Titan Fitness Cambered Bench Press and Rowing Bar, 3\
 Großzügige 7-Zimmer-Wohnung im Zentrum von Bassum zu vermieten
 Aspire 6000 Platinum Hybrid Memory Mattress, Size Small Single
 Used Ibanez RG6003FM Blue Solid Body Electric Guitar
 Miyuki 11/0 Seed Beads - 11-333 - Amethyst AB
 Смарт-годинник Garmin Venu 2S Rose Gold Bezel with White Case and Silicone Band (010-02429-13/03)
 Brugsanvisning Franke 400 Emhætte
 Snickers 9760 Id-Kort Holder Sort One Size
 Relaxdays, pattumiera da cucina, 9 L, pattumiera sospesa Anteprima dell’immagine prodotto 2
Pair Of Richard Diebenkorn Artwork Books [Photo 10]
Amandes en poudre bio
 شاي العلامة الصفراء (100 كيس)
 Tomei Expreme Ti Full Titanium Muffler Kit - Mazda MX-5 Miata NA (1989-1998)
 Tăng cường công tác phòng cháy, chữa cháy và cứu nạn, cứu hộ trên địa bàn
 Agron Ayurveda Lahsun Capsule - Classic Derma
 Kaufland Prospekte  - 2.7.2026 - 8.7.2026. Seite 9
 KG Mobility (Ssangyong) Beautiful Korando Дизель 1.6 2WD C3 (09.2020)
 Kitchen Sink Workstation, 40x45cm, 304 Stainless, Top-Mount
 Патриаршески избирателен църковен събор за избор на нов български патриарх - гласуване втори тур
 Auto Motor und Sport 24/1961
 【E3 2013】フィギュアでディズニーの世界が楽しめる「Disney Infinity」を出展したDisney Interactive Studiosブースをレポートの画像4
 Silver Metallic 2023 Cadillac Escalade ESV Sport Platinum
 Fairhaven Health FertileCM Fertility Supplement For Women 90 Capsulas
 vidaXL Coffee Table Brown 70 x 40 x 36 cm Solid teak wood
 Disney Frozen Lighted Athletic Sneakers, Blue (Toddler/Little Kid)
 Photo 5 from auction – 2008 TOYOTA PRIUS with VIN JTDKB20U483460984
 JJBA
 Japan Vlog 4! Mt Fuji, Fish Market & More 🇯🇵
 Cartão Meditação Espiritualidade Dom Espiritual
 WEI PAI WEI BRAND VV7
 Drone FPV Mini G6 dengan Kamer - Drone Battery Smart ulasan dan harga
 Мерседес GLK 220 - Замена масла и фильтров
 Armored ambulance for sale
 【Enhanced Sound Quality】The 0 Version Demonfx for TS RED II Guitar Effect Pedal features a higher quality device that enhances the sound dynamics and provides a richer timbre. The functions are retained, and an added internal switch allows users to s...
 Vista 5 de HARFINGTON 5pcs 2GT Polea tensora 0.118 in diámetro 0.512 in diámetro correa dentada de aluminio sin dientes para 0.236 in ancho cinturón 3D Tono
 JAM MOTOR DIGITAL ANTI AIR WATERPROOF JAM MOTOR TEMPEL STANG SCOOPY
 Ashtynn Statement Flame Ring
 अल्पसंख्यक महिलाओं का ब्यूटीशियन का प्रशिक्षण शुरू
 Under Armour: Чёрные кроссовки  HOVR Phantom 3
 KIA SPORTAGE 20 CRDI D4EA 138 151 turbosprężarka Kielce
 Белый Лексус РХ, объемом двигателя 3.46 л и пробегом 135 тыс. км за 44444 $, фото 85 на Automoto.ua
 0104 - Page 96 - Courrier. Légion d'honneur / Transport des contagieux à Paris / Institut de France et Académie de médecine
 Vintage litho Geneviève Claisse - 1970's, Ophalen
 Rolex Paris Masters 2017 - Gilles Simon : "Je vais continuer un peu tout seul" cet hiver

++++

An exact copy of the lines above, from the one containing "WEI PAI WEI BRAND VV7" down to the one containing "Armored ambulance for sale" and including both, is the whole answer; retype it and nothing else.

 WEI PAI WEI BRAND VV7
 Drone FPV Mini G6 dengan Kamer - Drone Battery Smart ulasan dan harga
 Мерседес GLK 220 - Замена масла и фильтров
 Armored ambulance for sale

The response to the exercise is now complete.